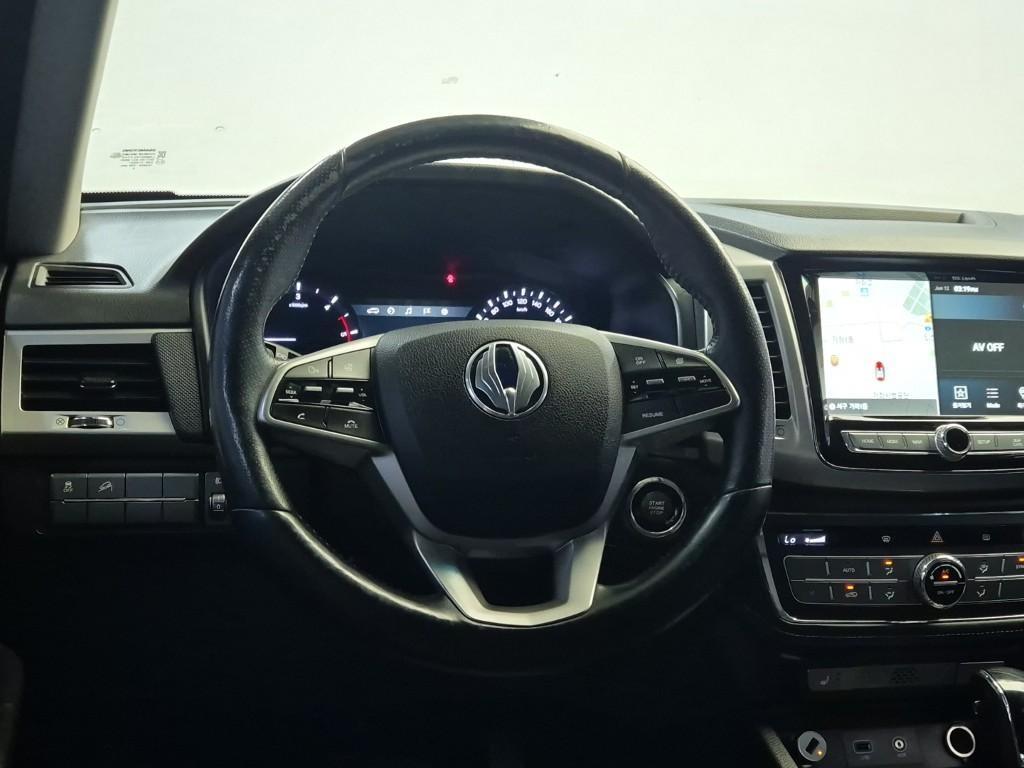 Ssangyong Rexton - Vista 11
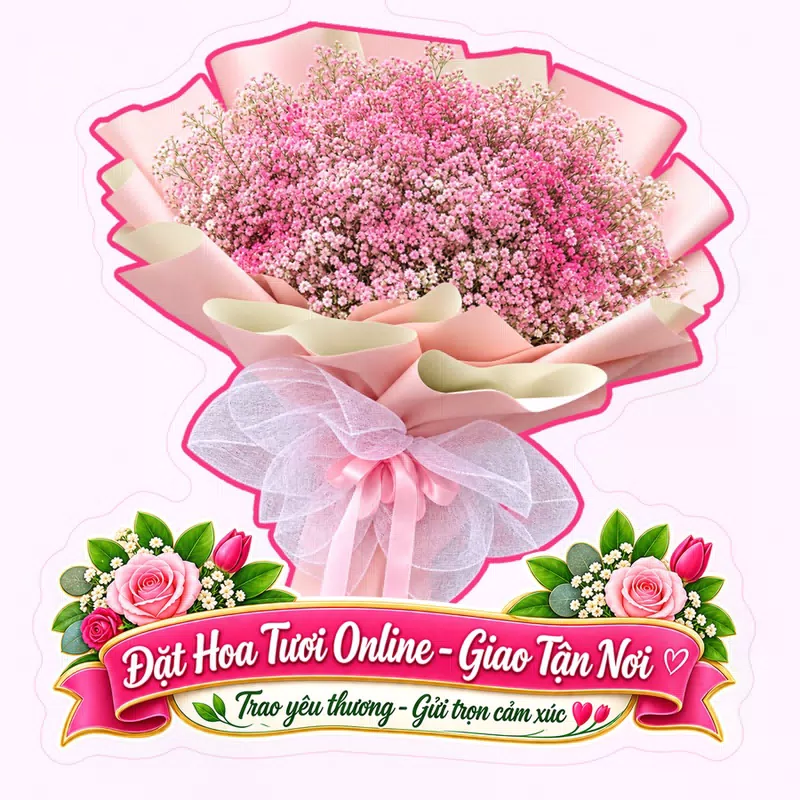 Cửa Hàng Hoa Tươi Phường Tân Thới Hiệp Hồ Chí Minh - Miễn Phí Ship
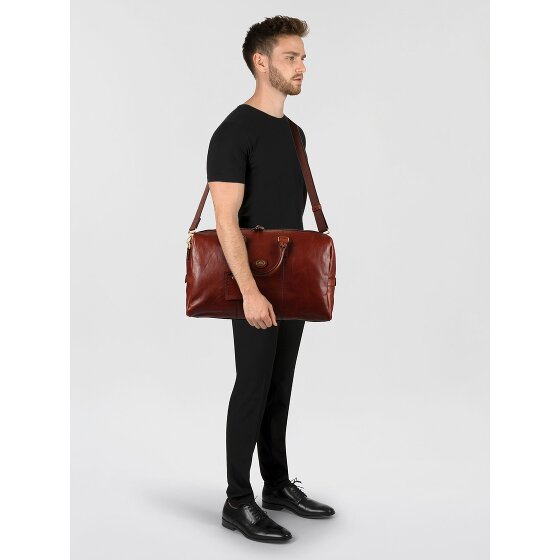 The Bridge Stovia Torba podróżna Weekender Skórzany 45 cm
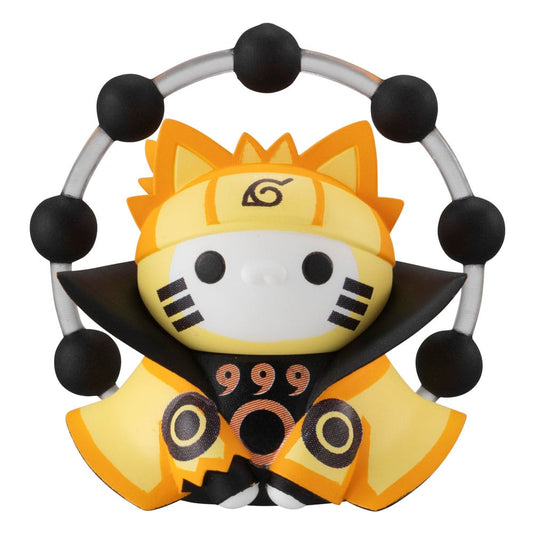 Naruto Shippuden Mega Cat Project Sammelfiguren 3 cm Nyaruto! Last Battle Ver. Blind Box Sortiment (8) Image 2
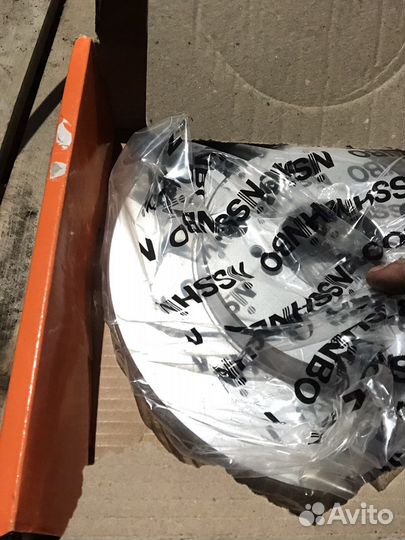 Тормозной диск nd1040k для Toyota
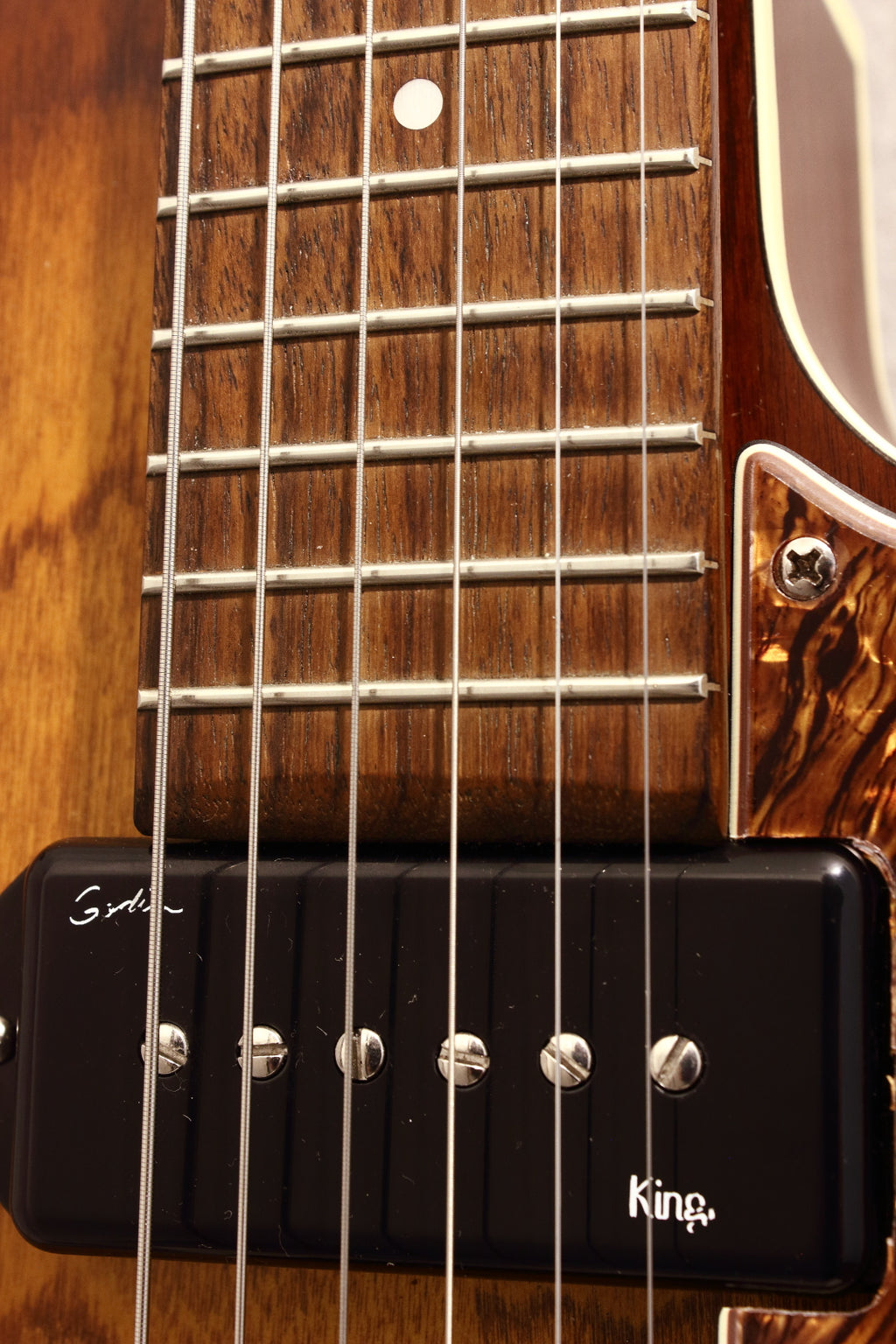 Godin 5th Avenue CW Kingpin II Cognac Burst 2018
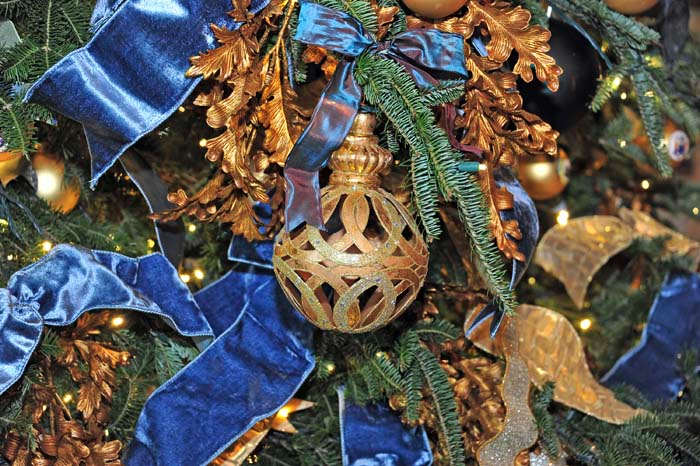  YILBAŞI HAZIRLIKLARINA MELANIA TRUMP ELİ DEĞDİ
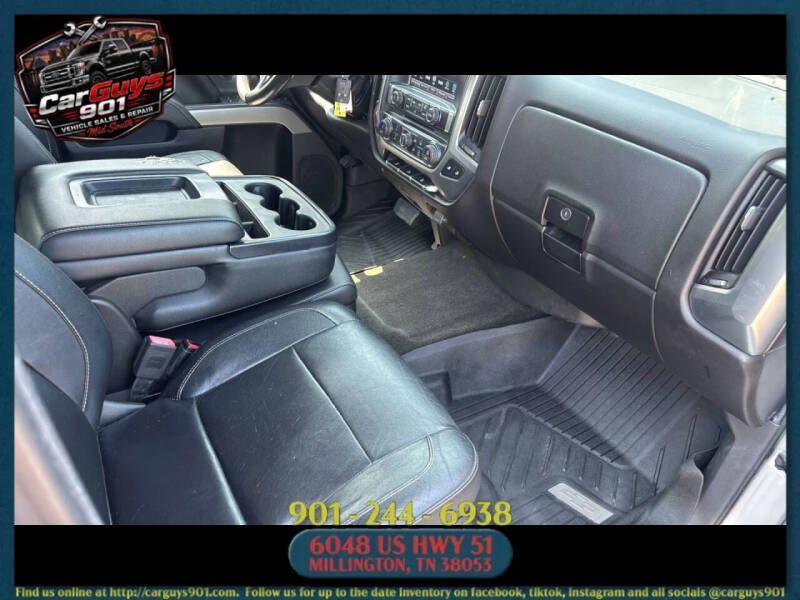 2016 Chevrolet Silverado 1500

* * *

__PROBLEM STATEMENT__: Transcription of the lines from the one with "Cửa Hàng Hoa" through the end of the entries is required, exact and with no pictures.

__TASK ANSWER__:
 Cửa Hàng Hoa Tươi Phường Tân Thới Hiệp Hồ Chí Minh - Miễn Phí Ship
 The Bridge Stovia Torba podróżna Weekender Skórzany 45 cm
 Naruto Shippuden Mega Cat Project Sammelfiguren 3 cm Nyaruto! Last Battle Ver. Blind Box Sortiment (8) Image 2
 Тормозной диск nd1040k для Toyota
 Godin 5th Avenue CW Kingpin II Cognac Burst 2018
  YILBAŞI HAZIRLIKLARINA MELANIA TRUMP ELİ DEĞDİ
 2016 Chevrolet Silverado 1500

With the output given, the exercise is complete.